Não gostavam de amarras, e pouco tempo permaneciam no mesmo lugar. Sentiam-se bem nas asas do vento e gostavam da companhia das estrelas. O amanhã não os preocupava.
Os tempos mudaram, e as maravilhas ambulantes começaram a ter a concorrência desleal das novas tecnologias. Hoje tudo se vê na televisão, na Internet. E está tudo tão à mão que as pessoas deixaram de sair, de conviver, de arejar. E quanto mais vêem as desgraças do mundo num qualquer telejornal, mais se fecham dentro de quatro paredes, como se esse gesto as preservasse das intempéries da vida. Deixaram de rir de si próprias, de dar crédito ao deslumbramento da fantasia, não reparando que, a pouco e pouco, se aproximavam mais do abismo. E os saltimbancos de outrora deixaram de maravilhar.
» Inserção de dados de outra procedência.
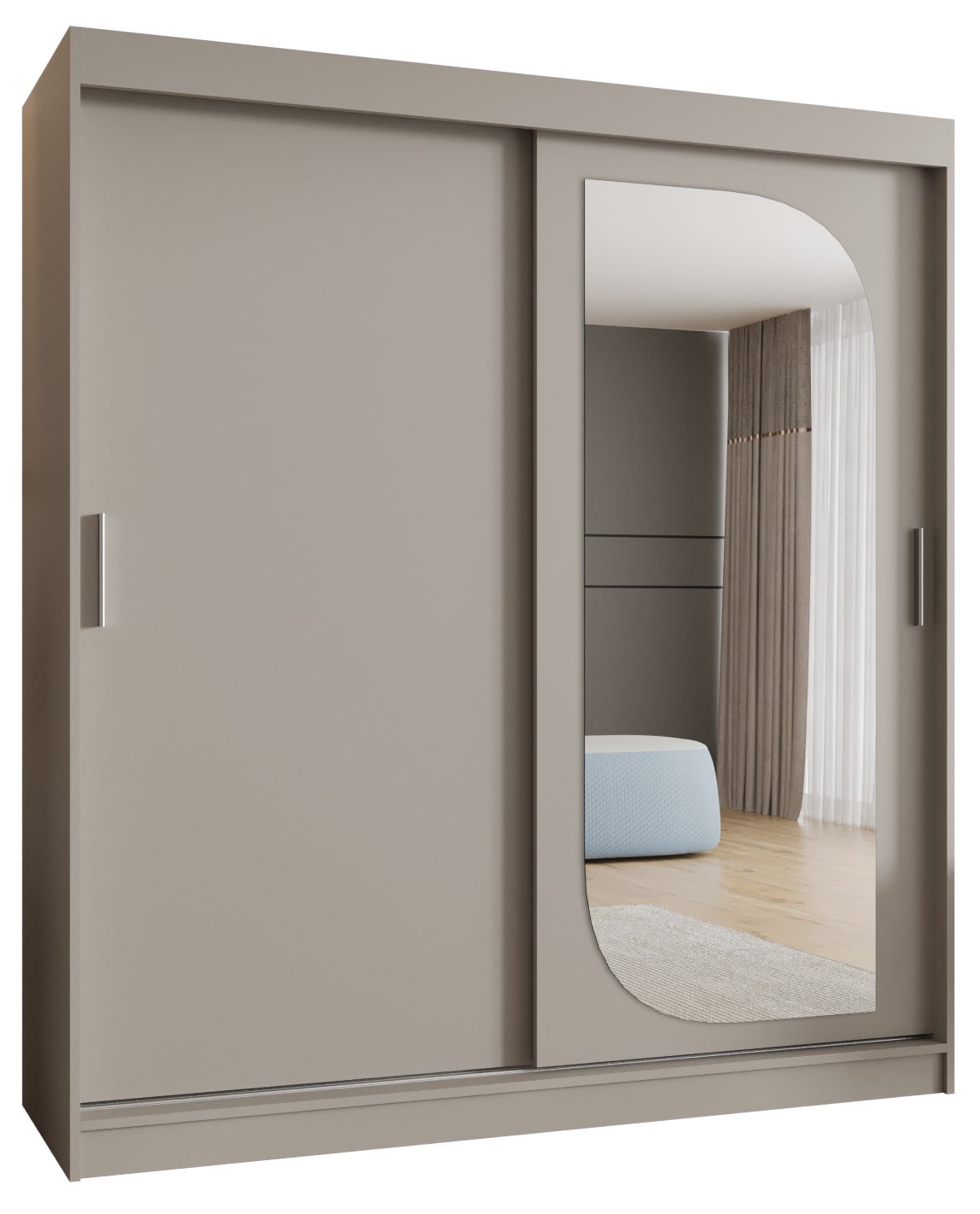 Szafa przesuwna garderoba LUCY 180 x 62 x 200 cm Kaszmir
Mas, vá lá saber-se porquê, ainda os há por aí. Resistem ao tempo, tentando contrariar tendências irreversíveis, não sabendo viver doutra forma. Lutam por se sentir incluídos numa sociedade que os exclui, a todo o instante, por falta de calibragem num mundo formatado. No fundo consideram-nos marginais, esperando que se extingam por si próprios.
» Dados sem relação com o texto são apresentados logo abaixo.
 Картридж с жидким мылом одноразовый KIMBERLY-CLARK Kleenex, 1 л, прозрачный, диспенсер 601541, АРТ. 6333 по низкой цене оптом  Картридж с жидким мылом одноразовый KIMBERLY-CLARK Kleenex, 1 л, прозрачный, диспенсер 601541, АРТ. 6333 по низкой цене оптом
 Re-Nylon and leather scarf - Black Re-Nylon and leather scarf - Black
Há dias esteve numa escola um casal de resistentes. Em privado queixaram-se dos tempos, da indiferença das pessoas, falaram da luta travada para conseguirem comer. Mas quando chegou a hora do espectáculo, os lamentos desapareceram. Imbuíram-se da sua essência e maravilharam miúdos e graúdos, fazendo com que a plateia entrasse num patamar onde a gargalhada e o olhar de espanto ditavam leis.
No final, satisfeitos, agradeceram a atenção e a atitude do público. É que, para além do pão-nosso de cada dia, esta casta de gente também se alimenta de aplausos.